Not a litigator here but just want to say, inadvertently, the best, most informative system is the Supreme Court's system for how much case-related information it carries on a single page. You practically don't need anything else and can find out everything about the case, down to the case number of the impugned and so on. But smoothest system may be the DHC's system, tracking cases is simple. Now, for the award of the worst case management system, the winner is: Allahabad HC. Just try doing the whole captcha thing at every single step of the research. Incredibly frustrating. (The number of times you have to do captcha-based verification should be one criteria, if anyone is undertaking research on this topic).

I am not sure employing blockchain or any such thing will immediately help the system. The SC E-Committee is working hard to put systems in place, demerits or merits aside. Proper equipment, internet connectivity, ensuring that orders are uploaded are basics that no technology itself can improve. Some will has to come from within for judges.

One thing I would like to see some improvement in is the way case categorisations work.

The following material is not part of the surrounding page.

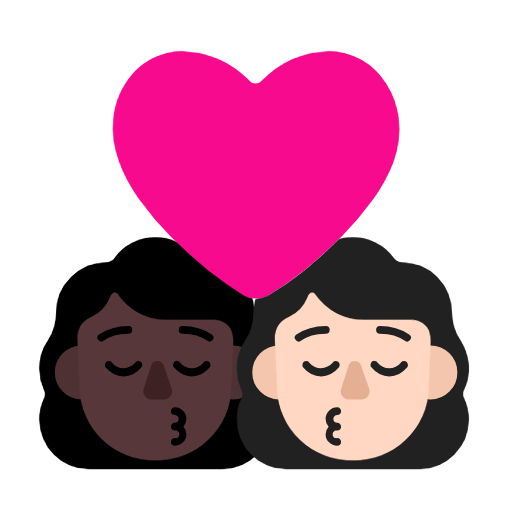 Поцелуй: женщина женщина очень темный тон кожи очень светлый тон кожи для Microsoft Windows 11 23H2 June 2024 Update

Each HC has their own system of categorising cases, (and then into abbreviations, but let's think about the larger problem) and the SC has its own method of doing this. Its pretty difficult to track down if you are researching across courts (as opposed to being a practitioner at a single court) because say enforcement petitions or criminal appeals are tagged in one way at the DHC and another at the Punjab & Haryana HC. Hope others recognise what I am referring to. Happy to hear their thoughts.
SC's website is hands down the best. Beats all other courts by a margin which is bigger than huge.

Concept of Office Report, Lower Court Details, Similarities / Tagged Matters, Listing Details etc. is unique and unparalleled. Those who are saying that DHC or some other HC is best, are not familiar with SC's website.

For every unique feature available on some other HC's website and not available on SC's' (but is relevant for SC), I will donate Rs. 10,000/- to a charitable cause of your choosing.
Question is too broad. But usually HCs have decent website. The w courts website is good but some courts’ info is hard der to find on it
Looking at someone's comment below about the decline in DHC's website quality, I'm wondering if Ecourts - with its recent improvements - is going to be the norm and standard. Already many HCs, which had their own websites, have moved to Ecourts.
Calcutta HC just started displaying passover matters and messages on the display board effective 3rd January '24. Good move.
Delhi HC used to be excellent.

They revamped it about a year ago (or less?) and it's considerably worse now. For e.g., now you can't open two orders at once: say, if you click on the link for order for 05.01.2023, it will open in a new tab. Then if you click for the order for 10.02.2023, it will open that order in the same tab as the previous one. So you can't just click on all the orders of a case so that they open in separate tabs and you can see/print them easily. You have to click on a link, see the order, come back, click on the next link, see the order...

Also, interestingly, under the "orders" tab if you search "case wise", there's no option for 2024 yet. The latest year is 2023. Such niggles didn't exist in the previous version of the website. Don't know why they revamped something that wasn't broken.
@waqeel -- wish to connect and speak to you sir. I am a fellow litigator. Pls drop ur throwaway mail
Updated in May 2023 during my internship. Was a pain to adjust to the new system.
It will take 20 years, because legal profession trail behind the world for at least 20 years.